◆ **ACTIVITY**: Using the listing below, copy exactly each line from the one that has "Утечка информации о" through the one that has "Taraud machine Standard"; omit the pictures.

◆ **INPUT DATA**:
*-*-*

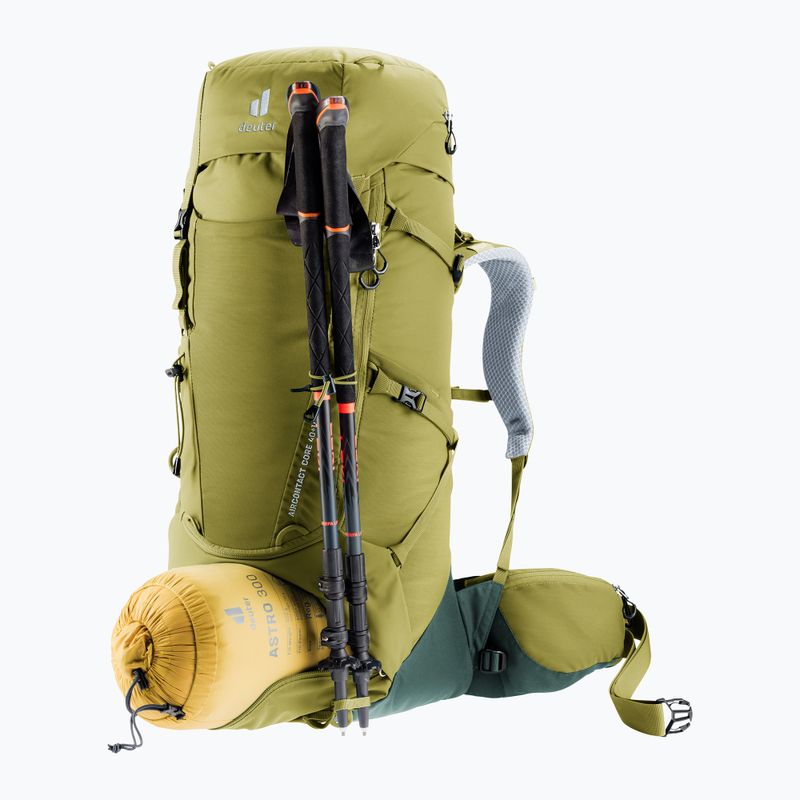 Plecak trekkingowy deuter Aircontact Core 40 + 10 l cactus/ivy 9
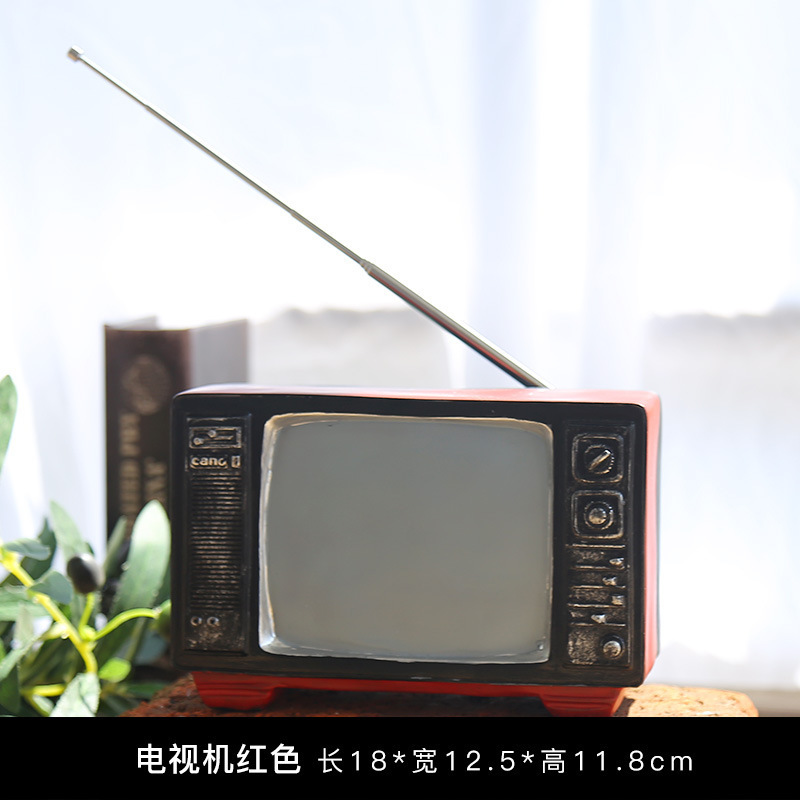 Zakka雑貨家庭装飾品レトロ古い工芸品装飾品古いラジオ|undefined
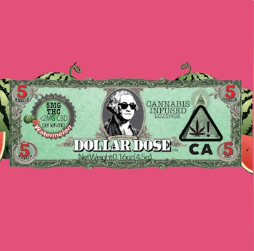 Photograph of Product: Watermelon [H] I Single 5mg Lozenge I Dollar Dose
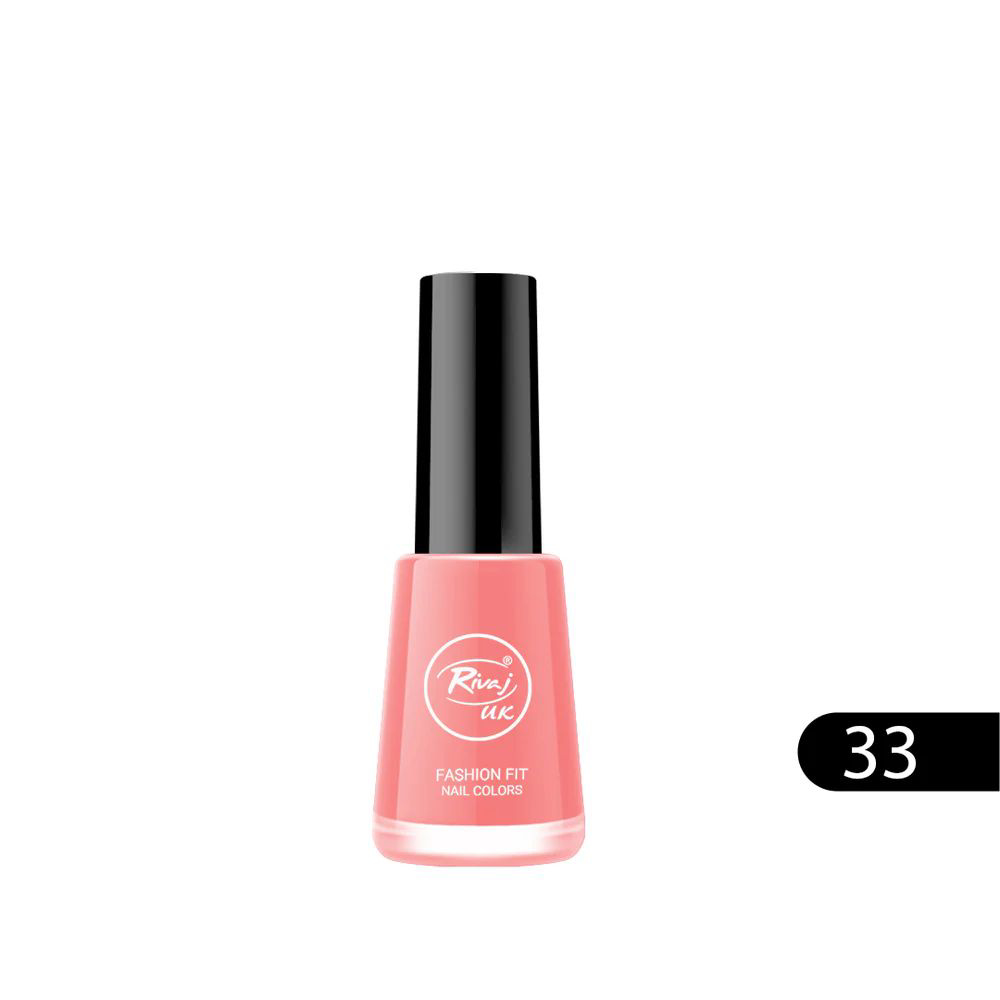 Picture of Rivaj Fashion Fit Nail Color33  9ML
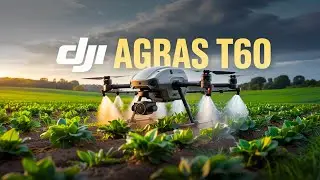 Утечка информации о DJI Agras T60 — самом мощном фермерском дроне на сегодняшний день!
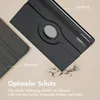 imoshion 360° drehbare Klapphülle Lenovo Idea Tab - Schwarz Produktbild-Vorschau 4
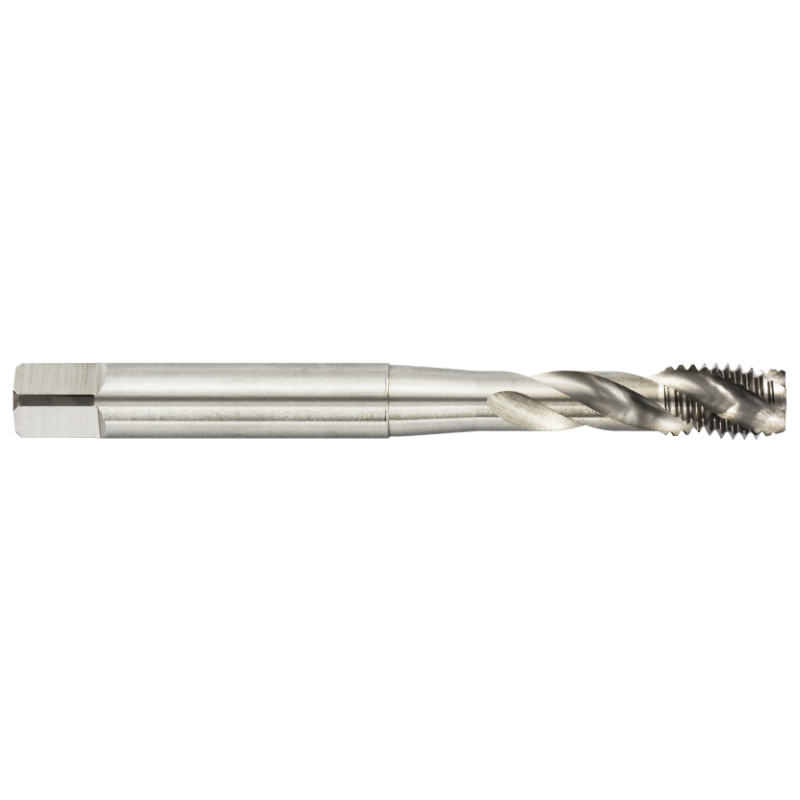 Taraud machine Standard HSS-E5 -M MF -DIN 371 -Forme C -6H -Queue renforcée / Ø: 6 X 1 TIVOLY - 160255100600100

*-*-*

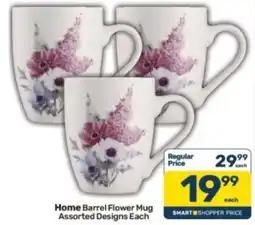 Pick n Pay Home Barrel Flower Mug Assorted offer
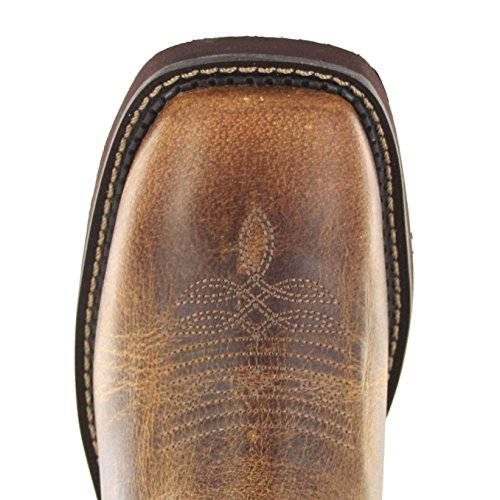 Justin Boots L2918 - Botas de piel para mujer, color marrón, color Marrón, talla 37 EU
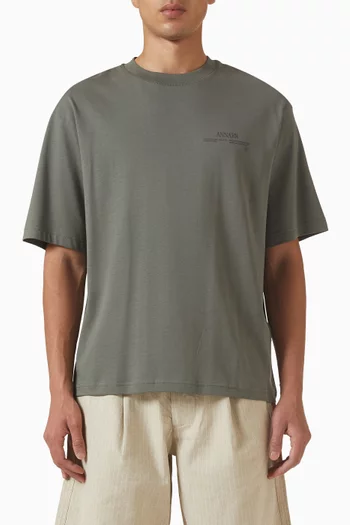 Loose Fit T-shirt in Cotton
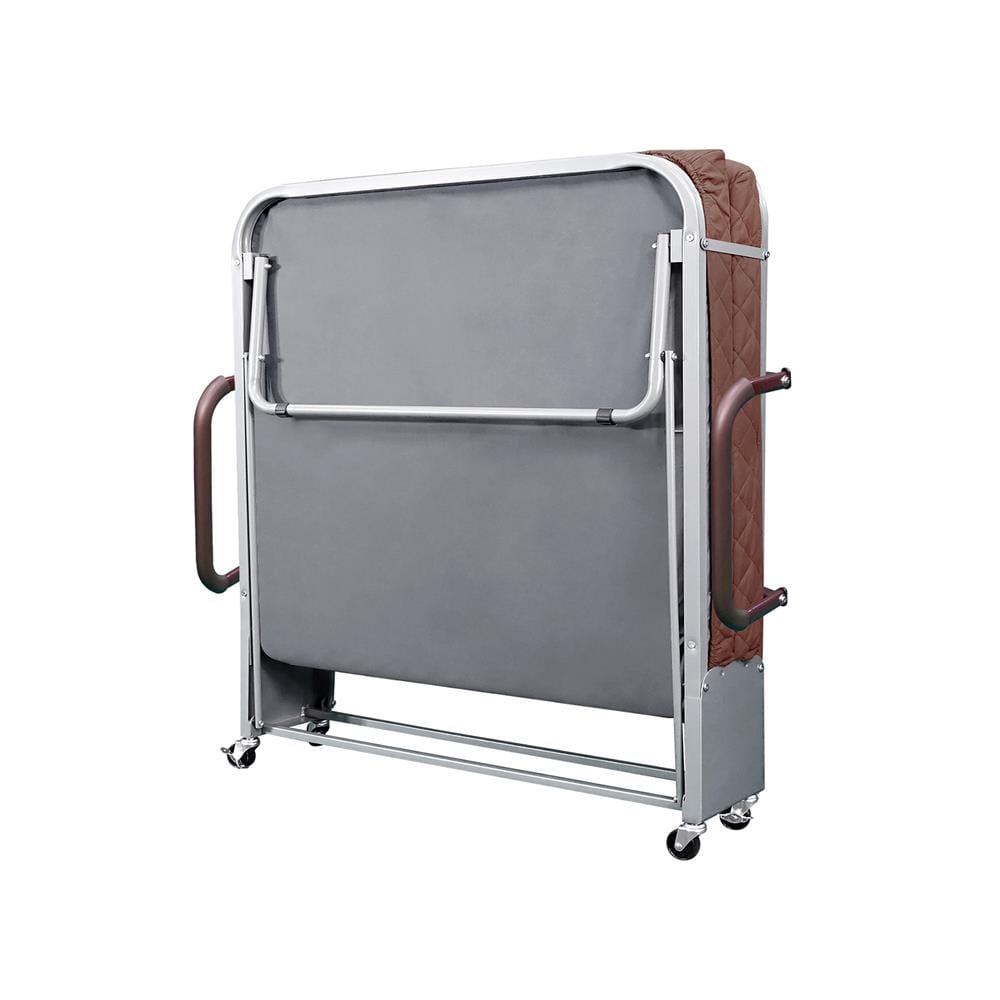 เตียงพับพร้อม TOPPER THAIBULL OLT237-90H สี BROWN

*-*-*

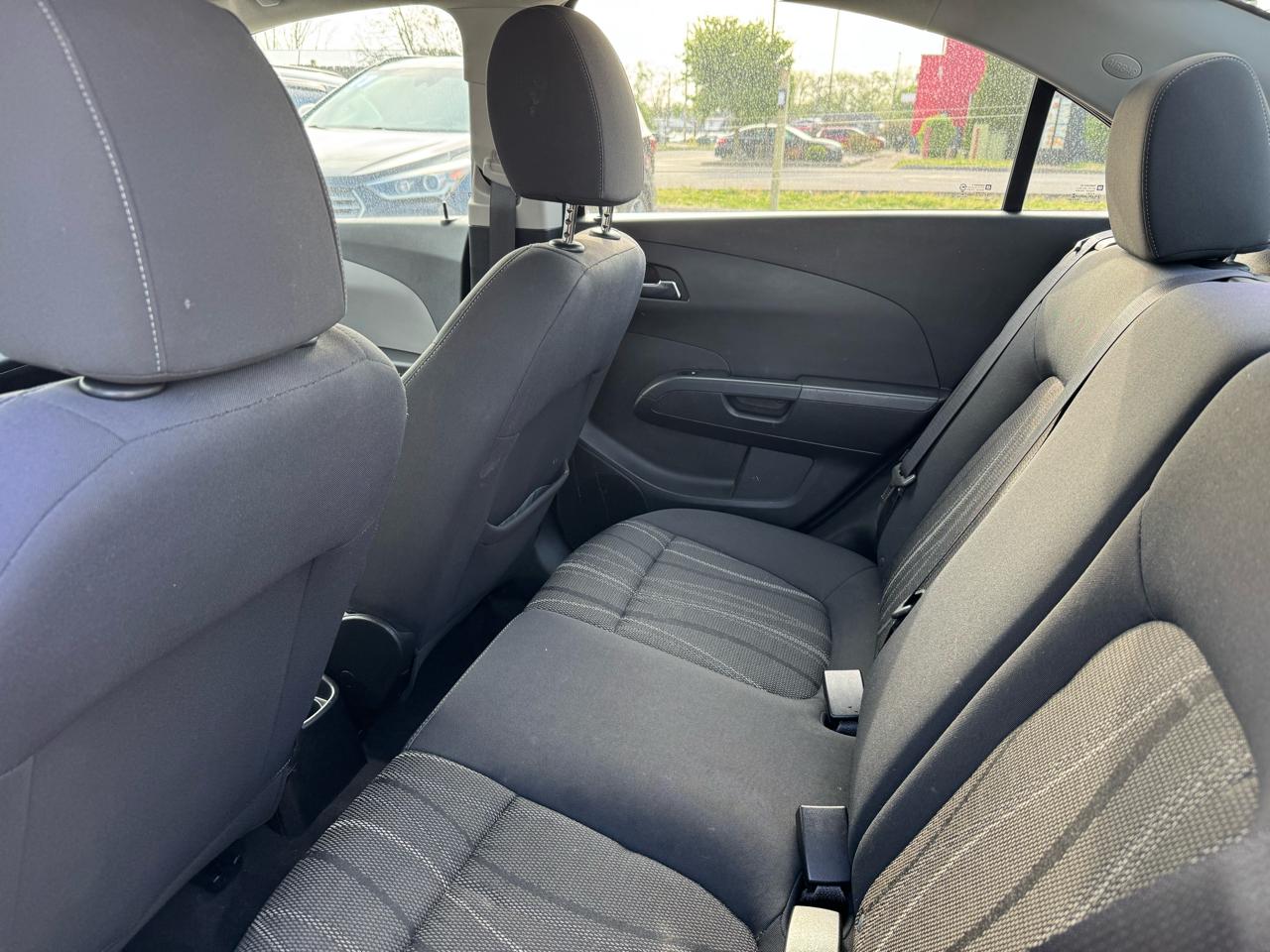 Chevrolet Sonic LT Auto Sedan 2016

*-*-*

◆ **SOLVED EXERCISE**:
 Утечка информации о DJI Agras T60 — самом мощном фермерском дроне на сегодняшний день!
 imoshion 360° drehbare Klapphülle Lenovo Idea Tab - Schwarz Produktbild-Vorschau 4
 Taraud machine Standard HSS-E5 -M MF -DIN 371 -Forme C -6H -Queue renforcée / Ø: 6 X 1 TIVOLY - 160255100600100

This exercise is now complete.